It's still this 'difference' that I can't understand. I've only flown light GA singles and the occasional twin - plus gliders, my main interest - but I still remember the occasion, on about my third lesson, when coordinating ailerons, rudder, and elevators became automatic (exactly like learning to ride a bike, coordinating handlebars and body lean, plus the 'vertical dimension') and I began 'learning to fly,' in the basic sense.

Sorry if the question appears unduly elementary, but how does this sidestick control actually work? From what I gather, to bank say right, you move the sidestick say two inches to the right, and then let go (and, being spring-loaded, the sidestick centres itself). The aeroplane then banks right.

As I understand it, to cancel the command and level out, you have to move the sidestick the same distance in the opposite direction - precisely two inches to the left - and then release it again; and the aeroplane will then level out.

My question is, lacking the 'feedback' and self-centring that aeroplanes with normal controls provide, how do you know that you have exactly cancelled the previous bank command; and not either left some bank on, or corrected too far the other way?

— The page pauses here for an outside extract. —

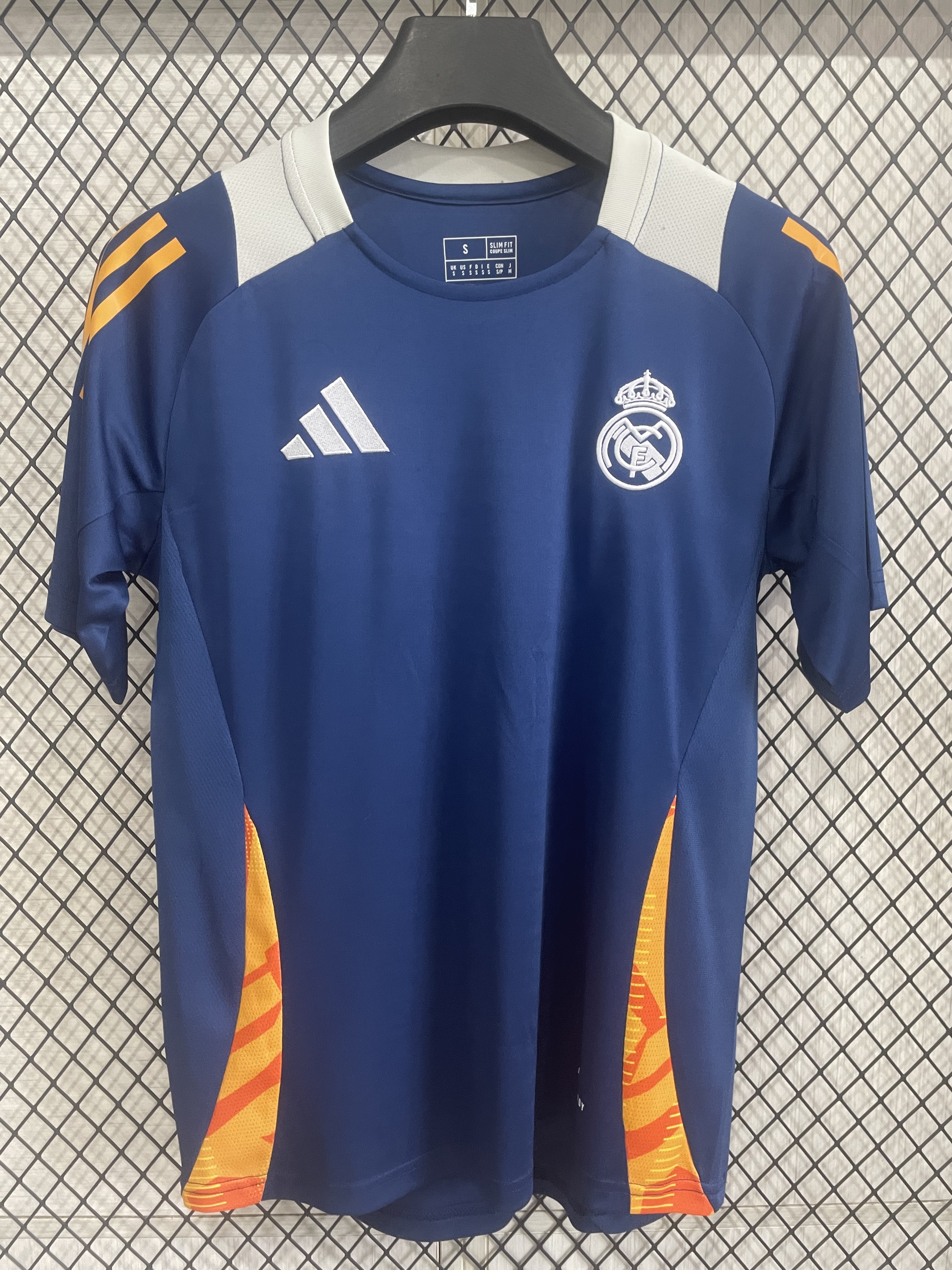 Real Madrid Training Jersey S-4 XL - view 3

Seems to me that there are only two ways that you could be certain. Either by observation (if the aeroplane doesn't level out, you've either overdone or underdone the correction) or by looking at some sort of instrument on the panel that shows the 'aileron command' situation?

Maybe I'm over-simplifying - I've certainly never tried to land a 60-ton airliner in any conditions. But I HAVE done plenty of crosswind landings - and I can't readily imagine a situation where I had to wait to see what the aeroplane did, or look at anything other than the yoke, to find out whether I had actually given the aeroplane the 'command' I intended or not?

Hope someone can enlighten me - and preferably tell me that Airbus controls don't actually work like that?